EYNESFORD & FARNINGHAM
DANGEROUS SPORTS SOCIETY

Sponsors of the Farningham Lifeboat Crew

Report on the recent rescue operation.

It was with great excitement that we at the Eynesford & Farningham Dangerous Sports Society watched the unfolding drama as the Farningham Lifeboat Crew were involved in the recent rescue of a group of unfortunate immigrants from Dartford who had attempted the dangerous crossing from Franks Hall to the heart of the village at the Lion Hotel.

Those poor wretches could no longer stomach the appalling conditions foisted upon them by the situation in their home town and decided to up sticks and, despite all vicissitudes on the journey up the Darenth Valley, attempt to find a new life in the golden pastures of our environs.

Eschewing the 415 bus route due to the irregularity of the service and not wishing to run the gauntlet offered by the extremely arduous route via Swanley (having to cross the windswept wastes of the Top Dartford Road and somehow avoiding the stronghold of the bandits at the Lullingstone Castle) the small group of desperate refugees employed the services of a people trafficker in Dartford (named locally as one Bob Occasionally-Ill) who drove them to the Lakes at Horton Kirby packed in an airless white van and deposited them there with an out of date fishing permit. A handful of lilos had been provided by a contact from Farningham (gossip suggests that this might be Sir Arthur Street-Greebling who was hoping to employ the wretches on his flint farm) and the poor unfortunates were then crammed onto the flimsy vessels and cast off with only the barest of directions "Just head upstream."

It was late at night when they passed the Fighting Cocks, hugging the south bank to avoid the lights from the revellers in the garden of the pub, then they pushed on westwards. Dawn found them at Frank's Hall and they hid under the bridge until darkness fell once more. Then it was time for the final effort, a desperate sprint under the cover of darkness, to cover the final stretch under the M20, past the cattle gate and into the sunlit uplands of Farningham Village itself, and maybe, who knows, a chance to cross into the golden pastures of Eynesford.

But the Darenth is a fickle stretch of water, with currents, shallows and rocks that only the most skilfull of pilots can hope to navigate. One of the vessels was punctured and it's occupants found themselves ankle deep in the very midstream of the raging torrent, and, in a desperate attempt by the other members of the party to rescue them, the other floating mattresses overturned depositing all and sundry into the foaming waves.

Then Lady Luck intervened, the witch operator of the Farningham Lifeboat Crew happened to be out counting sheep ticks and he saw the desperate plight of the refugees. As he'd forgotten to carry his emergency hailing device it was some time before he burst into the Lifeboat office at the Chequers in Farningham to deliver the news but as soon as he had the assembled crew, and many of their supporters from the EFDSS, raced out to effect a rescue.

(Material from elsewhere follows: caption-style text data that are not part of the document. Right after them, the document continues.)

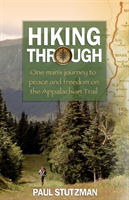 Hiking Through – One Man`s Journey to Peace and Freedom on the Appalachian Trail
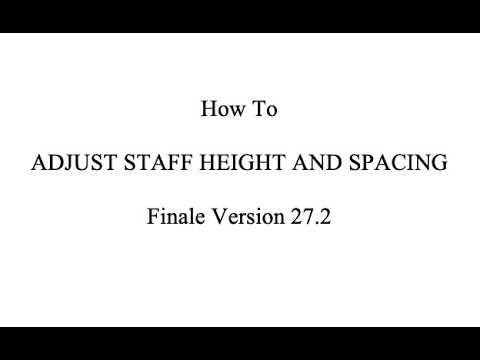 Finale Tutorial: How to Adjust Staff Height and Spacing in Finale Version 27.2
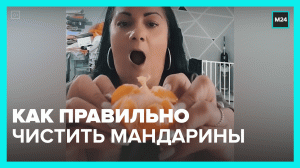 Как правильно чистить мандарины – Москва 24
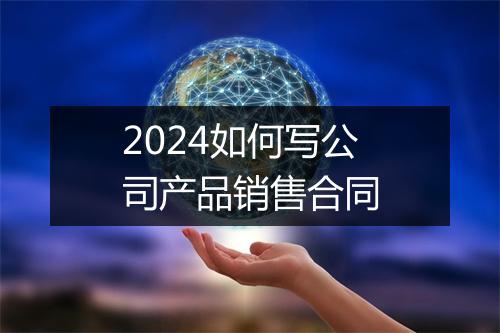 2024如何写公司产品销售合同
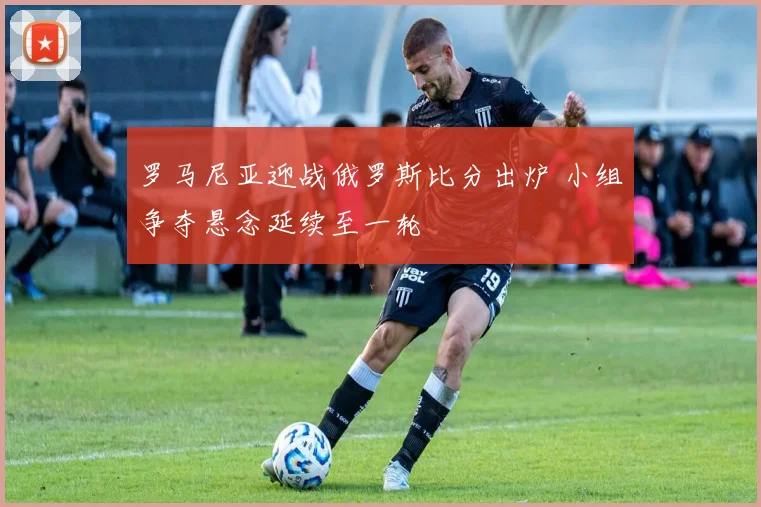 罗马尼亚迎战俄罗斯比分出炉 小组争夺悬念延续至一轮
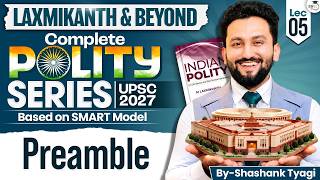 Indian Polity for UPSC | Preamble | Lec 05 | M. Laxmikanth |Shashank Sir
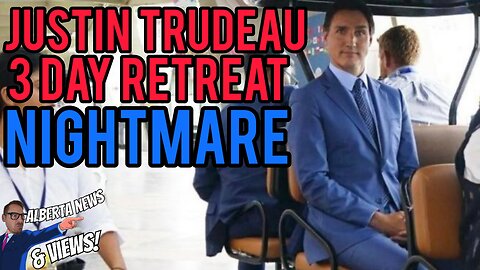 Justin Trudeau ROCKED to the core as he hides at a 3 day EMERGENCY retreat in London Ontario.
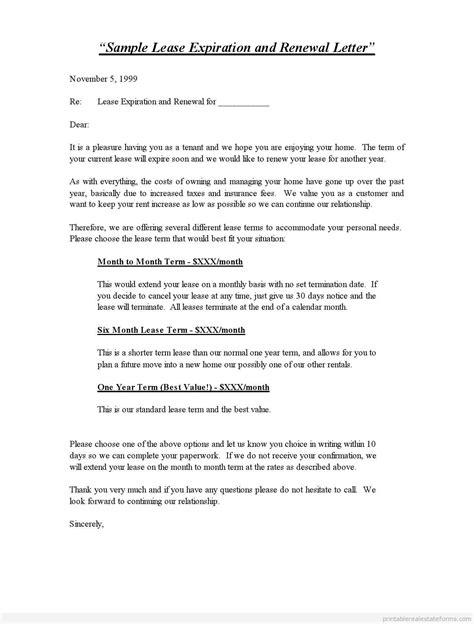 A landlord may want the tenant to renew the lease because he or she has always paid the rent on time, kept the property in good condition and been good tenants in general. Sample Printable sample lease expiration and renewal ...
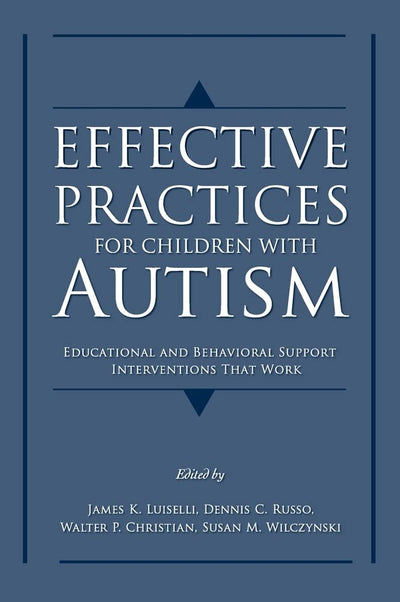 Effective Practices for Children with Autism: Educational and Behavior Support Interventions that Work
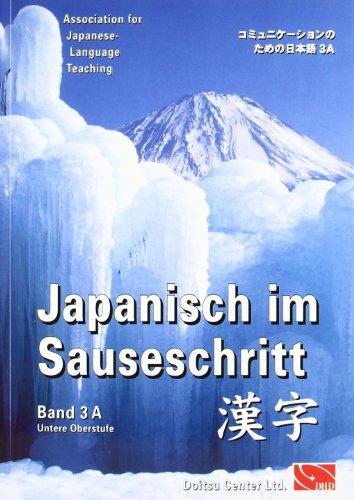 Japanisch im Sauseschritt. Modernes Lehr- und Übungsbuch für Anfänger. Moderner Sprachkurs. Standardwerk an Schulen, Volkshochschulen und ... Lehr- und Übungsbuch. Untere Oberstufe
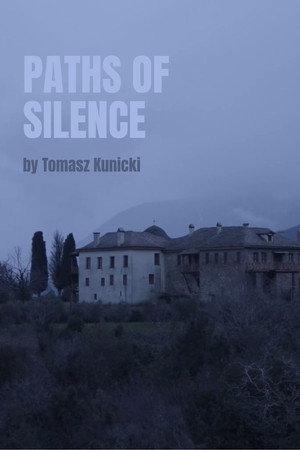 Paths Of Silence poster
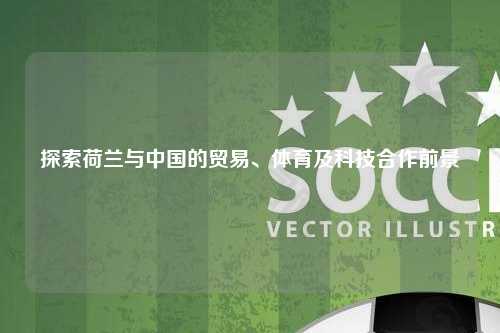 探索荷兰与中国的贸易、体育及科技合作前景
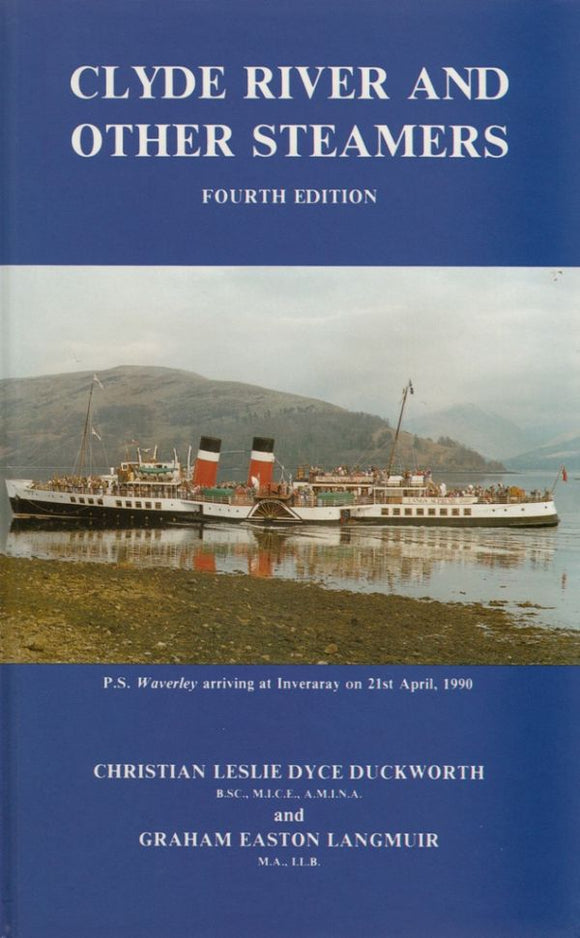 Clyde River and Other Steamers - Christian Leslie Dyce Duckworth; G.E. Langmuir (Hardback) 01-08-1990 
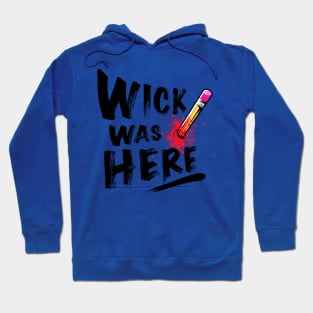 Wick was here Hoodie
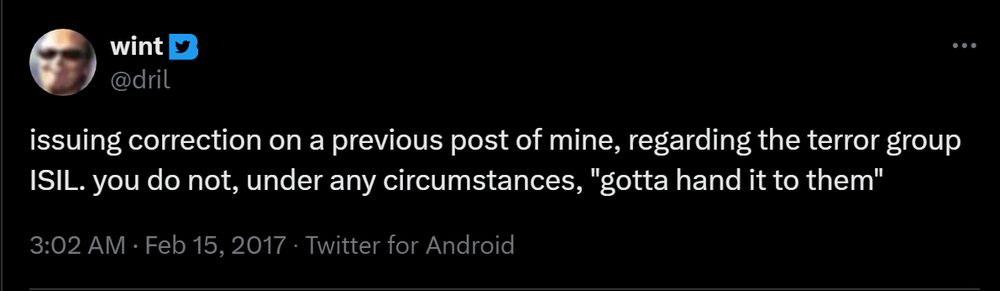 wint
@dril
issuing correction on a previous post of mine, regarding the terror group ISIL. you do not, under any circumstances, "gotta hand it to them"
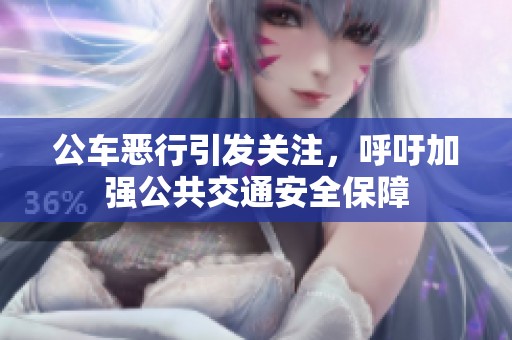 公车恶行引发关注，呼吁加强公共交通安全保障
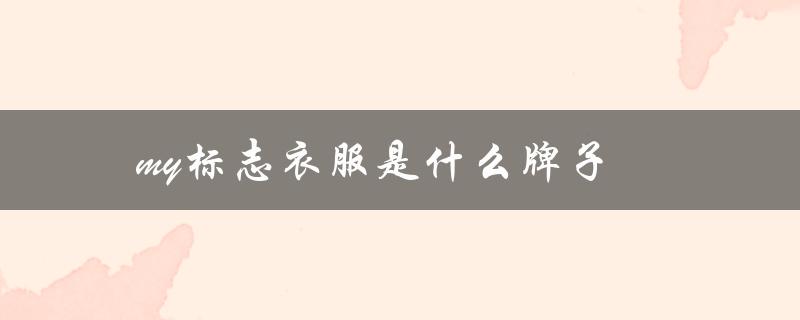 my标志衣服是什么牌子（my帽子的品牌是什么）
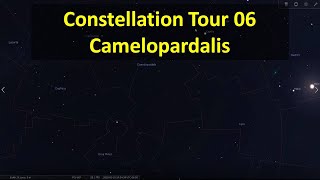 Constellation Tour 06  Camelopardalis [upl. by Vijnas531]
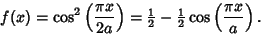 \begin{displaymath}
f(x)=\cos^2\left({\pi x\over 2a}\right)= {\textstyle{1\over 2}}-{\textstyle{1\over 2}}\cos\left({\pi x\over a}\right).
\end{displaymath}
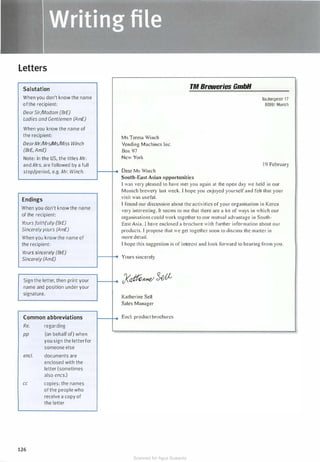 Letters
Salutation TM Breweries GmbH
When you don't know the name Baubergerstr 1 7
ofthe recipient: 80991 Munich
DearSir/Madam (BrE)
Ladies and Gentlemen (AmE)
iWhen you know the name of
the recipient: Ms Teresa Winch
DearMr/Mrs/Ms/Miss Winch Vending Machines Inc.
I(BrE, AmE) Box 97
Note: In the US, the titles Mr. New York
and Mrs. are followed by a full 1 9 February
stop/period, e.g. Mr. Winch. - Dear Ms Winch
South-East Asian opportunities
I was very pleased to have met you again at the open day we held in our
iMunich brewery last week. I hope you enjoyed yourself and felt that your
Endings visit was useful.
When you don't know the name
T found our discussion about the activities of your organisation in Korea
Ir
very interesting. It seem to me that there are a lot of ways in which our Ir
of the recipient:
organisations could work together to our mutual advantage in South-
Ir
Yours faithfully (BrE) East Asia. I have enclosed a brochure with further information about our
Sincerelyyours (AmE) products. I propose that we get together soon to discus the maner in
When you know the name of more detail.
the recipient: I hope this suggestion is of interest and look forward to hearing from you.
Yours sincerely (BrE)
: Yours sincerely iSincerely (AmE)
[I
Sign the letter, then print your y� 3dl
name and position under your
signature.
Katherine Sell
Sales Manager
Common abbreviations Encl. product brochures I,:
Re. regarding
PP (on behalf of) when
you sign the letter for
someone else
encl. documents are
enclosed with the
letter (sometimes
also encs.)
cc copies: the names
of the people who
receive a copy of
the letter
126
Scanned for Agus Suwanto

Their efforts were somewhat hampered by the arrival on the scene of officers from DDAPS (supported by private security men from DVTF who had been bussed in from up river) who were demanding to see all licenses and permits and who seemed incapable of differentiating between rescuers and those being rescued. After calm had been restored, the DDAPS transport (suspiciously similar to that which had delivered the refugees to the Lakes) retrieved from the river and the DVTF security men released from their waterwings, it was noticed that the refugees had vanished into the night, nonetheless the operation was considered to be a great success.

It is regrettable that the legal advisors of DDAPS have decided to prosecute the Mechanic of the FLC for illegal fishing, we are sure that his perfectly reasonable excuse that the fish must have swum into his pockets whilst he was attempting the rescue of immigrants, whose very existence has been called into question by the suspicions of small minded individuals, will eventually be upheld in court.